Twelve Dutch municipalities teamed up with nature organization IVN (Institute for Nature Education and Sustainability) to plant tiny forests in their towns or cities this autumn. These are densely grown mini-bunches, the size of a tennis court. According to IVN, tiny forests make urban areas greener, and contribute to biodiversity and water storage during heavy rainfall, NOS reports.
There are already a number of tiny forests in the Netherlands, but this is the first time IVN made agreements with municipalities on this scale. The municipalities that will plant their first tiny forests this autumn are Almere, Alphen aan den Rijn, Apeldoorn, Den Bosch, Goes, Groningen, Hardenberg, Leiden, Maastricht, Meppel, Uithoorn and Utrecht.
Over 40 native trees and shrubs will be planted in these forests. “The trees and shrubs are planted at different heights, so that the bush falls together like a kind of 3D puzzle”, Daan Bleichrodt of the IVN said to NOS. He thinks the tiny forests will be especially handy during heavy downpours. “Sometimes it rains so much that the sewers can’t process it. Tiny forests can help take that extra water. For example, an adult beech tree will drink 500 liters of water a day. And moreover, that water will evaporate, making the air cooler again.”

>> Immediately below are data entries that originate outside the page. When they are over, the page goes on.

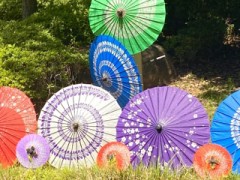 いつも折り畳み傘持ち歩いてる？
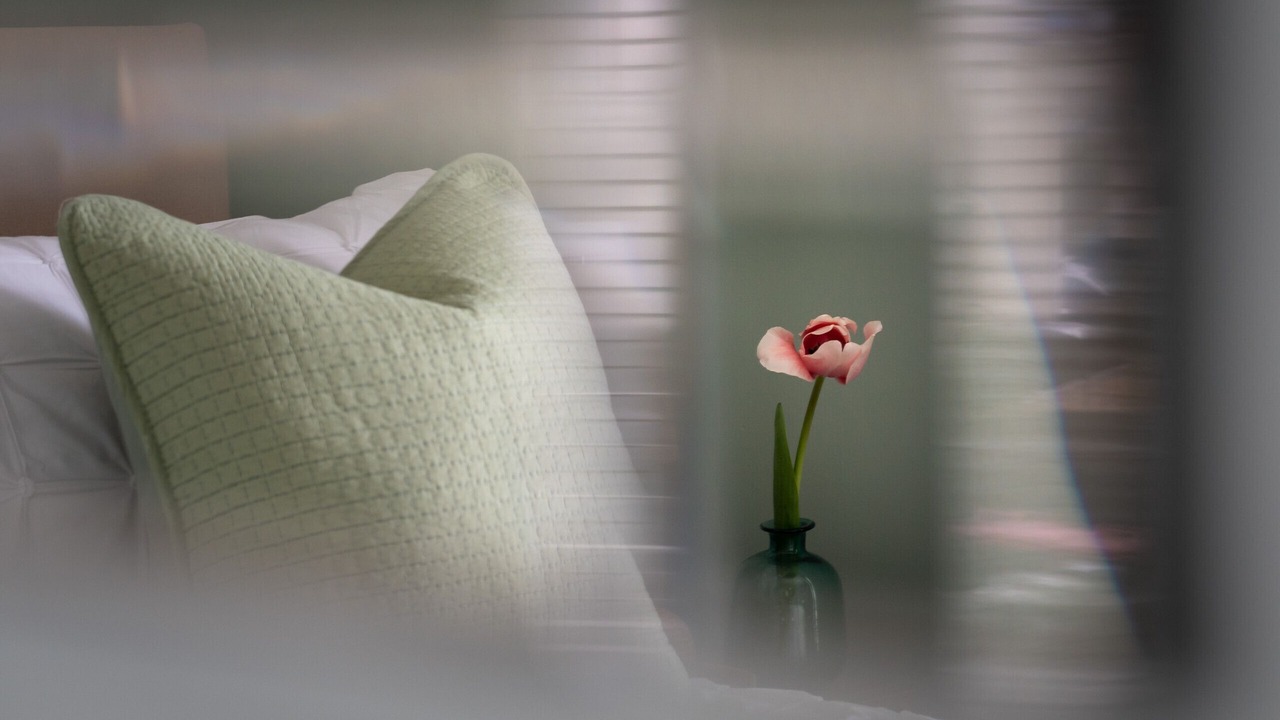 Photo of Others in Babbacombe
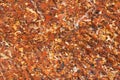 laterite texture Royalty Free Stock Photo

According to the IVN, the “gap between man and nature is greater than ever”. Tiny forests bring cities and nature closer together.
Wageningen University is currently researching the consequences of planting tiny forests. Two pilot projects so far revealed that the forests attract many animals. “That goes from very small insects to rabbits and moles”, Fabrice Ottburg, ecologist at the university, said to the broadcaster. According to Ottburg, one tiny forest won’t make a massive difference. “Hopefully awareness will increase through the planting of tiny forests. If 100 to 200 people in a city plant a 10 square meters tiny forest in their garden, the total will mean something.”